**Task item:** Leave every picture out. Set down all the lines below exactly.

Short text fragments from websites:
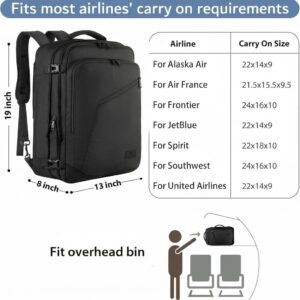 MATEIN Carry on Backpack, Extra Large Travel Backpack Expandable Airplane Approved Weekender Bag for Men and Women, Water Resistant Lightweight Daypack for Flight 40L, Black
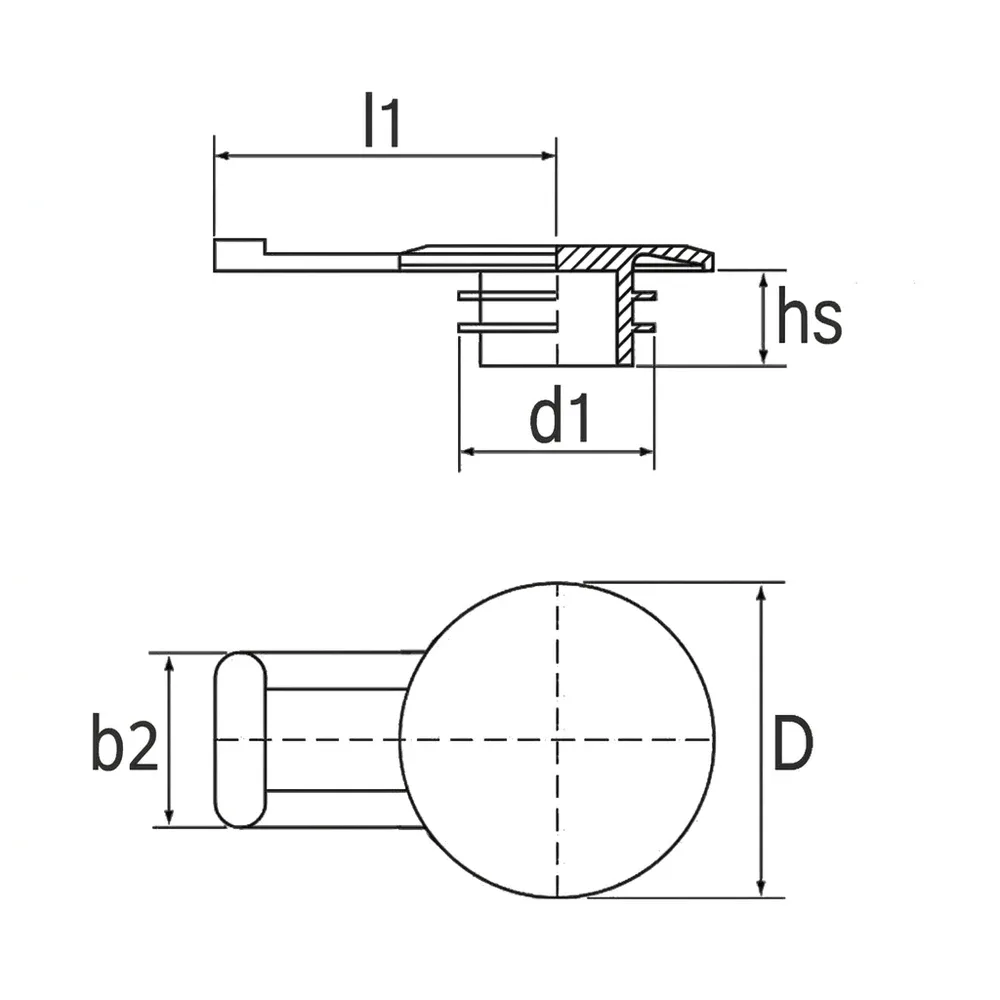 Dibujo técnico: Tapón estriado final con lengüeta lateral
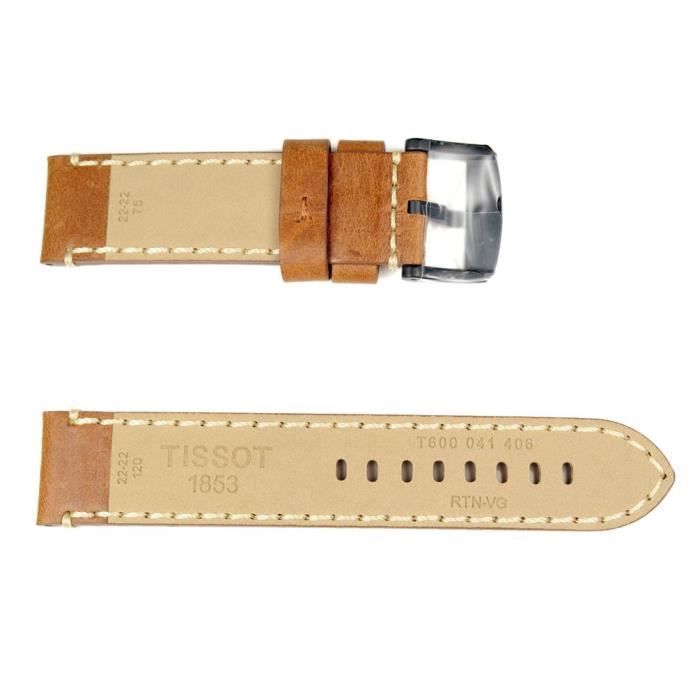 Bracelet cuir marron 22mm Tissot Chrono XL T116617A ref.T600041406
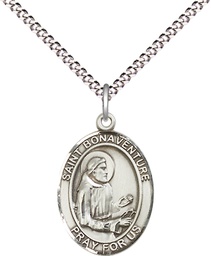 [8085SS/18S] Sterling Silver Saint Bonaventure Pendant on a 18 inch Light Rhodium Light Curb chain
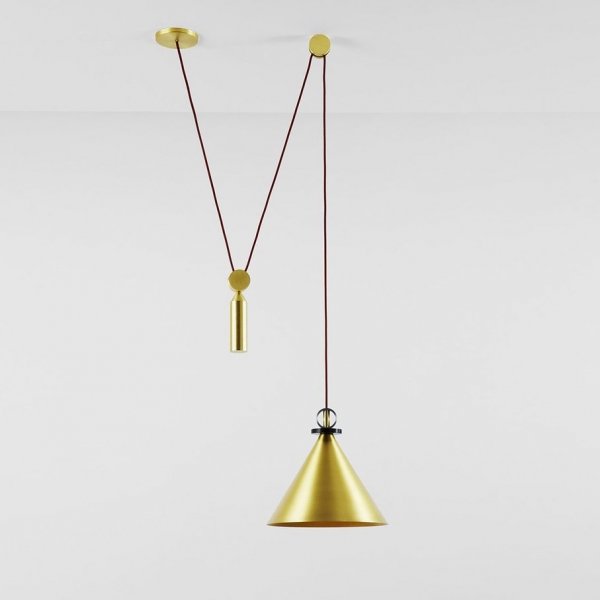 Подвесной светильник Shape up Pendant Cone Brass Латунь в Барнауле | Loft Concept 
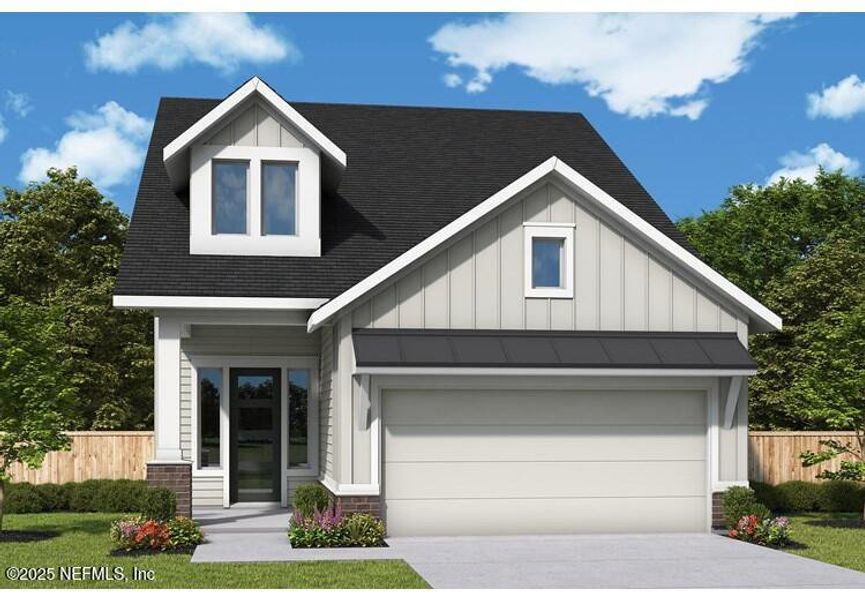 Front exterior of a new home in Evergreen Island at Silverleaf - Executive, St. Augustine, FL, highlighting curb appeal (Image 1).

**Result of this exercise:**
 MATEIN Carry on Backpack, Extra Large Travel Backpack Expandable Airplane Approved Weekender Bag for Men and Women, Water Resistant Lightweight Daypack for Flight 40L, Black
 Dibujo técnico: Tapón estriado final con lengüeta lateral
 Bracelet cuir marron 22mm Tissot Chrono XL T116617A ref.T600041406
 [8085SS/18S] Sterling Silver Saint Bonaventure Pendant on a 18 inch Light Rhodium Light Curb chain
 Подвесной светильник Shape up Pendant Cone Brass Латунь в Барнауле | Loft Concept 
 Front exterior of a new home in Evergreen Island at Silverleaf - Executive, St. Augustine, FL, highlighting curb appeal (Image 1).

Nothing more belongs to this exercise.